多少強引だったり、雑な部分もあるにはあるんでしょうけど、こういう部分は日本の行政は見習うべき部分が多いと思います。
日本の動き
では日本のいまの動きはどうなっているのでしょうか?
懸命に動いている先生たち、学会、報道がありますので、その情報を中心にお伝えしていきます。
まず、この「N-of-1」の仕組みを「どげんかせんといかん」と動いているのは、東京医科歯科大学の横田教授です。
核酸医薬学会の会長でもある横田先生は、患者さんを救うために様々な場所で精力的に講演を行っておられます。
関連する記事はこちら
「N-of-1医療」、新たな規制枠組み求める声も 核酸医薬学会シンポ、米国事例を基に議論 | 日刊薬業 – 医薬品産業の総合情報サイト
また学会の要約はこちらから確認することができます。
ぜひみなさんの目に触れてほしいので、あえて学会の要約を原文ママに引用させて頂きます。
米国で先行する超希少疾病の核酸医薬を用いた個別化医療 (N–of–1)
東京医科歯科大学大学院医歯学総合研究科脳神経病態学分野 横田 隆徳
希少疾患は個々の疾患患者数は少ないものの,対象疾患数は約7,000疾患と非常に多く,希少疾患全体で考えると日本で約600万人の患者が推定されている.
希少疾患は,近年の次世代シークエンサー技術の進歩により個別症例であっても遺伝学的診断に至る例が増加してきた.
最近,希少疾患の患者に対して核酸医薬に治療が可能な医薬の上市が続いている.
遺伝性の超希少疾患に対する「N–of–1+創薬」においては,患者の少なさで治験の構成はできず,数名の患者で仮に治験ができたとしても,経済的に製薬会社が行うのは困難である.

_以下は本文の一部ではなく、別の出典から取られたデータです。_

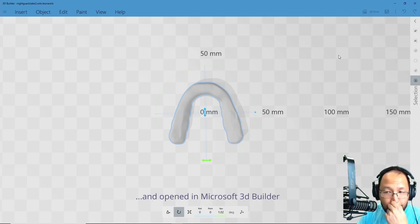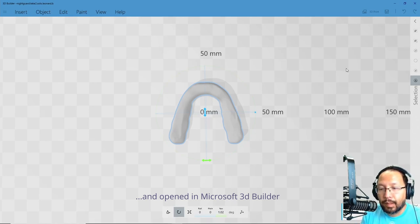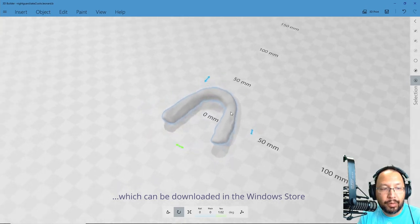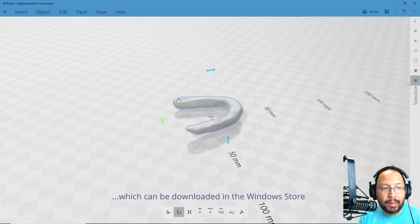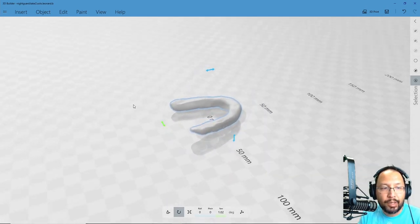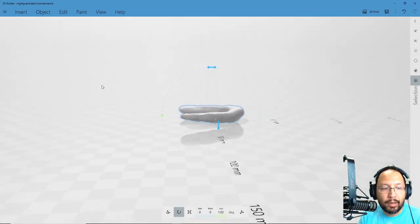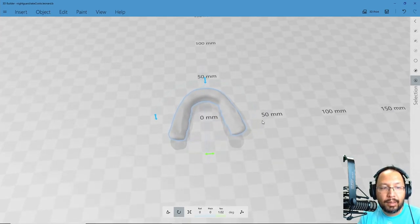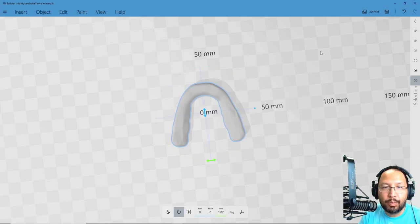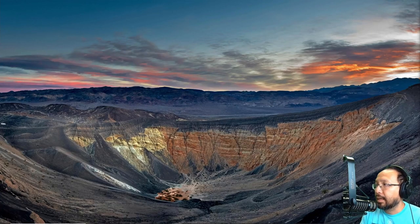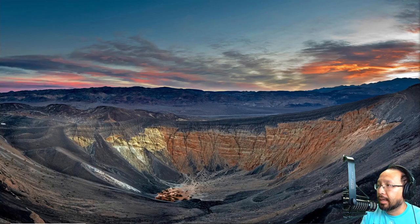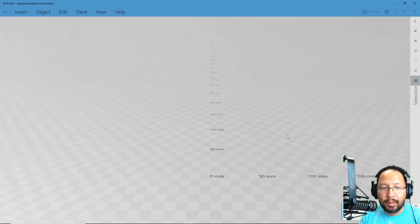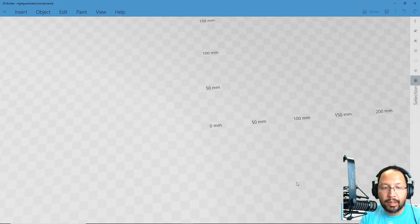The reason I'm doing that is because the Windows 3D Builder doesn't reset the axis after every rotation, so if you rotate it right now for print orientation, it's going to mess up. So I do this operation first, then I close the file, I go ahead and reopen it again, and it will reopen in the saved orientation.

2018年,この究極の個別化医療が現実に可能であることが実証された.
ハーバード医科大学ボストン小児病院のTimothy Yu博士らは,乳児発症の神経セロイドリポフスチン病(Batten病)という神経希少疾患に罹患した7歳の女児に,アンチセンスオリゴを用いた個別化臨床治験を行った.

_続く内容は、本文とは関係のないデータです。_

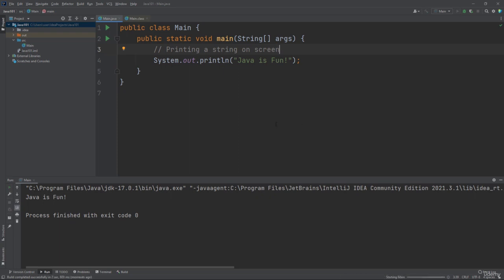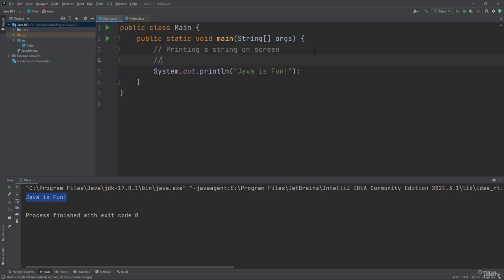Once you execute this program, you'll see the output 'Java is fun' in the console window, but nothing related to the comment. The comment 'printing a string on screen' is for human readability only — the program will not execute any comment. It's only to describe and explain the Java code. You can also create multiple single-line comments, and any text after the two forward slashes to the end of the line is ignored by Java.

核酸医薬が最も適切な創薬モダリティーの1つと考えられる.
核酸医薬は,特定の遺伝子配列を目的として特定の配列を設計し合成することが可能で,分子遺伝学的に診断がつけば異常部位に対して様々なアプローチを検討することが可能である.
アンチセンス核酸医薬(Antisense Oligonucleotide:ASO)を例に挙げれば,スプライシングを制御するための配列設計などが可能であり,異常タンパク質の発現を抑制や,欠乏したタンパク質を回復させるなど目的に応じていくつかの戦略をとることができる.

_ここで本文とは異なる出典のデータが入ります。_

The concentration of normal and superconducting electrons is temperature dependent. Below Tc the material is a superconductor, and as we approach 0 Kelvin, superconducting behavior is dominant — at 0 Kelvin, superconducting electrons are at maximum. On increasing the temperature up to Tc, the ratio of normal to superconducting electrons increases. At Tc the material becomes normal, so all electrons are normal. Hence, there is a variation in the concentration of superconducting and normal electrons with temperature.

さらに,Ionis社の創設者であるStanley Crooke博士が2020年n–Loremという非営利団体を設立しすでに10人以上のの超希少疾患の患者に対してオーダーメイドのASOを開発して治療を推進している.
2019年米国食品医薬品局(FDA)に特別検討委員会が設立され,ASOを用いた個別化医療の再現性の確保と同時に開発プロセスの効率化を図るための指針が検討された.
N–of–1+創薬は既存の商業モデルでは対応できないことは明らかであり,N–of–1+は各国の医療制度や国民性などそれぞれのあった枠組み(モデル)が必要である.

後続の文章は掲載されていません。